Question

The pulleys and strings shown in the figure are smooth and massless. For the system to remain in equilibrium, the angle $\theta$ should be:

• A. $0^{\circ }$
• B. ${30}^{\circ }$
• C. ${45}^{\circ }$
• D. ${60}^{\circ }$

Answer 1

The correct option is B ${30}^{\circ }$

The tension ($T$) in both strings i.e connecting block $B$, $A$ and $B$,$C$ will be equal due to symmetry of arrangement.


For the system to be in equilibrium, all the three masses $A,B,C$ should be in equilibrium.

$\Rightarrow$ From equilibrium of mass $A$ and $C$:
$T=mg.......\left(i\right)$

Resolving the tension $T$ acting on $B$ in horizontal and vertical direction. The net force in horizontal direction is balanced on mass $B$.

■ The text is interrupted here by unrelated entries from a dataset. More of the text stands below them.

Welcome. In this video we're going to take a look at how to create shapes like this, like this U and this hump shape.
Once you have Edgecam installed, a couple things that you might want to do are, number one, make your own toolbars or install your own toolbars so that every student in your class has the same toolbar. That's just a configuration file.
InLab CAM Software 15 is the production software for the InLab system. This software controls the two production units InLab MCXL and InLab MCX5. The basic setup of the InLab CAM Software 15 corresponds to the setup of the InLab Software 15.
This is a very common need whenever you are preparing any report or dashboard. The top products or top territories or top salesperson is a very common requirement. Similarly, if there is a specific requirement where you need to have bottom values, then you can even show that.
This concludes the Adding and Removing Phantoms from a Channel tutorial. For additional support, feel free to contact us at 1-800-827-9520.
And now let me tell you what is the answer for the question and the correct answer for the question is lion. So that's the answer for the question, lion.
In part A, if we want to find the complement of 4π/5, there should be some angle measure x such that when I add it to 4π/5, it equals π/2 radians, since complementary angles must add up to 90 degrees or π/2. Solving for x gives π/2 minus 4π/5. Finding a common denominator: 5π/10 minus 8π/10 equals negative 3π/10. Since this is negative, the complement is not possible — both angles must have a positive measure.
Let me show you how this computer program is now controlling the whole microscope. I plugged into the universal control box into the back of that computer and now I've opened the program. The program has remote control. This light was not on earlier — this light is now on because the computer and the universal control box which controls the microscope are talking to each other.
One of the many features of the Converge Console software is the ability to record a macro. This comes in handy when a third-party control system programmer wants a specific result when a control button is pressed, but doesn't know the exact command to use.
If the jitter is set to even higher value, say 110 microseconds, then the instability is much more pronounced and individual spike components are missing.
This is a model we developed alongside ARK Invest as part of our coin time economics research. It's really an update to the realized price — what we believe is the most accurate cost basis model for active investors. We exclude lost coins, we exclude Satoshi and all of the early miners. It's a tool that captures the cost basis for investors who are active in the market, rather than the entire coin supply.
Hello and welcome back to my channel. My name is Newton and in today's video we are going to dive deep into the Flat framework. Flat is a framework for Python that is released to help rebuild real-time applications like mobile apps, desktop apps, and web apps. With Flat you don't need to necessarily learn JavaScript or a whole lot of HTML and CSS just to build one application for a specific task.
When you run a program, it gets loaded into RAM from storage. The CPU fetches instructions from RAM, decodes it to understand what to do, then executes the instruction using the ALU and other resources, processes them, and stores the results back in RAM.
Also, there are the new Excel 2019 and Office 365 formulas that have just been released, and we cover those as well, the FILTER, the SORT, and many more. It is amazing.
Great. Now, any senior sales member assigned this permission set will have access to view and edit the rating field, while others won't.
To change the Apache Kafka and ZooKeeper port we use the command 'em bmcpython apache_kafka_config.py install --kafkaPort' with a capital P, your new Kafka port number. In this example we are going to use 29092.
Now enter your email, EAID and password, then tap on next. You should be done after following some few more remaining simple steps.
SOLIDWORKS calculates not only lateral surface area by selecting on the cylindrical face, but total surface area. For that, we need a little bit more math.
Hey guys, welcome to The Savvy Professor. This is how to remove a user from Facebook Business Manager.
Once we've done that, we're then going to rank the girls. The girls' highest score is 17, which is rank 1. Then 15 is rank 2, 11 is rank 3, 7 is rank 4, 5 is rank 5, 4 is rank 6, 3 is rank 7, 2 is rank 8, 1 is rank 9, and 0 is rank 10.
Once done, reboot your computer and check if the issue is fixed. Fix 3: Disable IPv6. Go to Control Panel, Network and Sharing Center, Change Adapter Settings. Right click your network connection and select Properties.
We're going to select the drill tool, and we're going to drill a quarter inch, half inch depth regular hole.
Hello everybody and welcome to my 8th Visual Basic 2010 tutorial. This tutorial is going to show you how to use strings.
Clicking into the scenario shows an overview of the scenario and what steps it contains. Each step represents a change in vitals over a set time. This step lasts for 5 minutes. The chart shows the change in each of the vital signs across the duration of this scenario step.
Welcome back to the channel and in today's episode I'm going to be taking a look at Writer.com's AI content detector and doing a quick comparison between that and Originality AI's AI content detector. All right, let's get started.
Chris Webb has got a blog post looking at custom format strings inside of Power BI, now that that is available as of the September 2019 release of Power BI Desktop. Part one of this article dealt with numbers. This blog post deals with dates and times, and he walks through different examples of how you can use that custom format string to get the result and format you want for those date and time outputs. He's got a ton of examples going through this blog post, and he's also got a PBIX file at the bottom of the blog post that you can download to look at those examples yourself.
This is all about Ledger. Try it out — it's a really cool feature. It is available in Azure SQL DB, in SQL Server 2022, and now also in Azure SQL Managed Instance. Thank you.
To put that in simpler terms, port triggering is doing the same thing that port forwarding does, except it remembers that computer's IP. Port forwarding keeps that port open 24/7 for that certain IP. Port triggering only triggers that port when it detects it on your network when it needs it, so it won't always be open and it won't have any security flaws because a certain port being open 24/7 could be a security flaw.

$\therefore$ Applying equilibrium condition for mass $B$ in vertical direction :

$\sqrt{3}mg=2T\cos \theta ...........\left(ii\right)$

From Eq. $\left(i\right)$ and $\left(ii\right)$:
$\sqrt{3}mg=2\left(mg\right)\cos \theta$
$\Rightarrow \frac{\sqrt{3}}{2}=\cos \theta$
$\therefore \theta ={30}^{\circ }$